A Delta county with the highest smoking rates in the state has made a step to extinguish this trend.
Phillips County has raised the age to legally buy and consume tobacco products to 21 years old.
The county seat, Helena/West Helena, raised the smoking age to 21 two years ago, but as of last week, the law has expanded county-wide.
After being ranked the least healthy county in the state by the Robert Wood Johnson Foundation, some say this vote was to help change its negative direction.
The county is home to about 20-thousand people, not everyone sees eye-to-eye on the new age for tobacco consumption and purchase.
“I think it’s a good idea.” Rasheed Gum says.

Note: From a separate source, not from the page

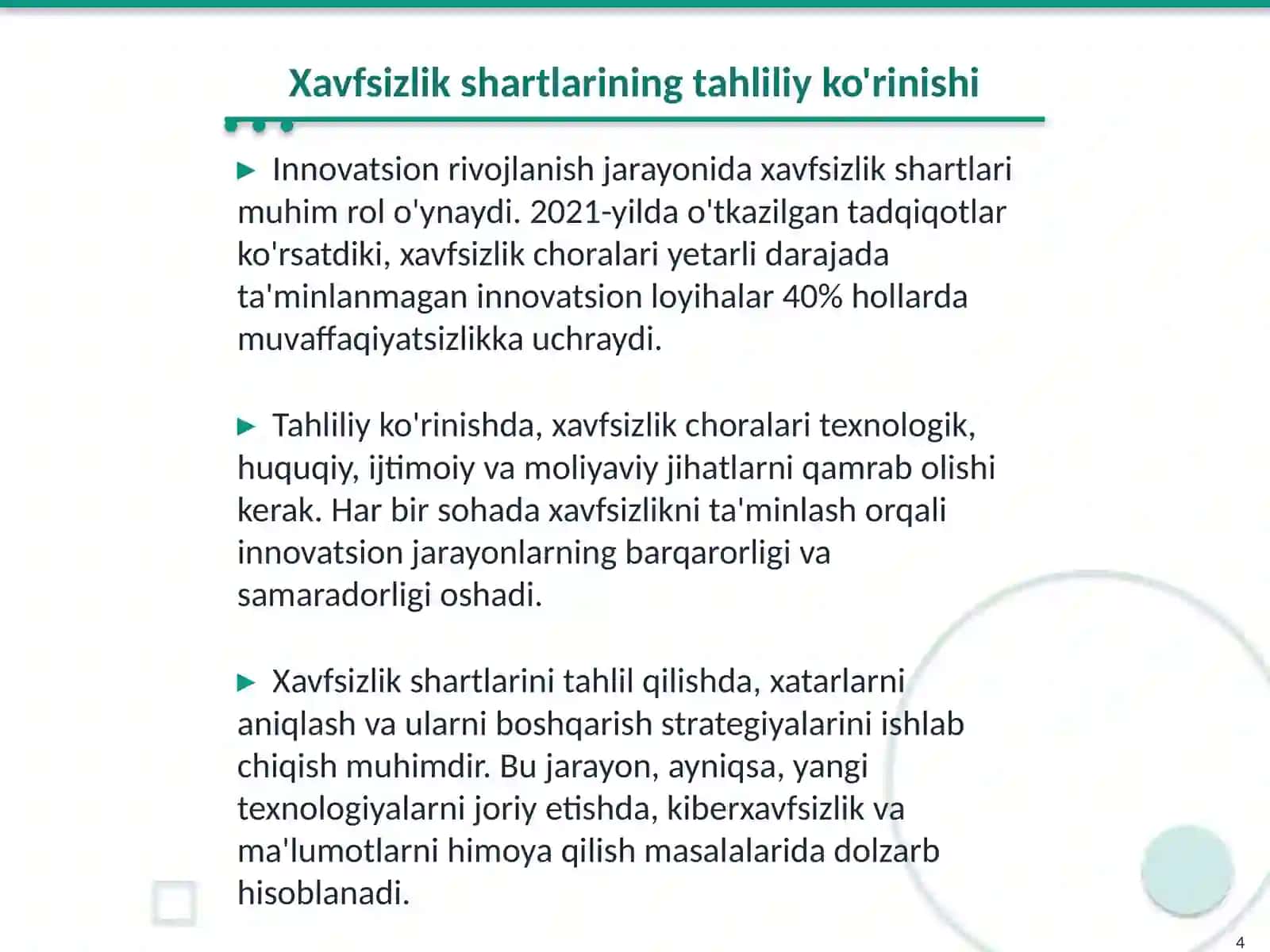 Iqtisodiyotni innovatsion rivojlanish yoʻliga oʻtshdagi xavfsizlik shartlari 4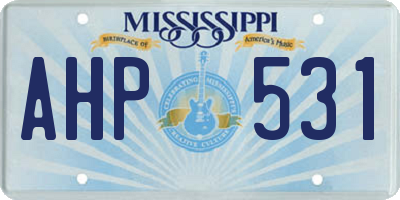 MS license plate AHP531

Gum is a manager at convenience store.
“I think it’s crazy,” Emanuel Dawkins says.
“What are they trying to prove? Like, are they trying to just stamp out smoking?”
Quorum court member C.R. Walker says that’s exactly what they’re trying to do.
On the phone, Walker says he wants to help keep younger people away from tobacco products since he’s seen how detrimental it has been to family members’ health.
Gum wishes the age limit was 21 when he was younger.
“Maybe I wouldn’t have started smoking,” Gum says.
“Maybe I wouldn’t even be smoking at all.”
Gum says he sells about $300 to $400 dollars worth of tobacco products a day at his store in Helena/West Helena.
According to county health rankings, 26 percent of Phillips county residents smoke, compared to the state average of 24 percent and the national average of 16 percent.
“Sometimes I wish I never started smoking.”
But Dawkins believes the new law won’t change anything.
“You can’t stop nobody from doing what they want to do.”
And both men say, if a teen can’t get the products here, they’re only a couple miles away from spending their money in another county legally.
“I wish that every county would try to boost the age limit,” Gum says.
Until then, only time will tell if the court’s decision is improving health, or just blowing smoke.
There are fines for retailers who sell to those underage and adults who buy for those underage.
Back in 2017, House bill 1711 attempted to raise the legal age to buy or possess tobacco to 21 statewide, but it died after its third reading.